Shortly after this last sighting of Oswald by his landlady, Oswald is alleged to have encountered Officer Tippit and fatally shot him in the street, in spite of eyewitnesses like Acquilla Clemons who say two men were involved in Tippit’s murder—neither of which were Oswald.
If you recall, Earlene Roberts’ testimony was that Oswald left the boarding house wearing a dark colored jacket, however, the “official” narrative claims that after shooting Tippit, for some unknown reason Oswald removed his light colored jacket and conveniently left it behind.
18). Oswald was arrested for the murder of Officer J.D. Tippit but not for the murder of JFK. It wasn’t until 10 hours after his arrest that he was finally charged with murdering the president.
Interestingly though, during Oswald’s arrest at the Texas Theater, one of the officers is quoted as saying to Oswald, “Kill the president, will you?”
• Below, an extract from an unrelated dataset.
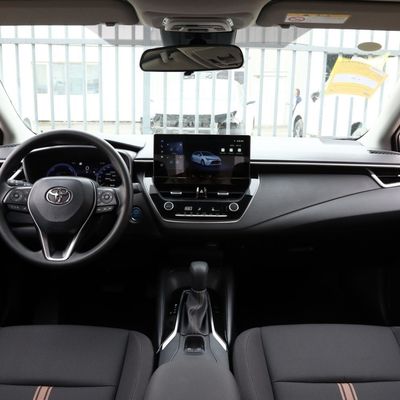 Μέγιστη ισχύς 101kw Luxury Hybrid 1.8L Toyota Levin Smart Electric Car EV Δύο κινητήρες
(Note: What’s significant about that statement is, officially, no one had supposedly made a connection between Tippit’s murder and the assassination of JFK yet.)
19). The handgun that Oswald was in possession of when he was arrested was later found to have a damaged firing pin, preventing it from operating. A gun that can’t fire would have prevented Oswald from being able to shoot Officer Tippit. That exculpatory evidence would have been an enormous problem for the prosecution had Oswald been allowed to live long enough to go to trial.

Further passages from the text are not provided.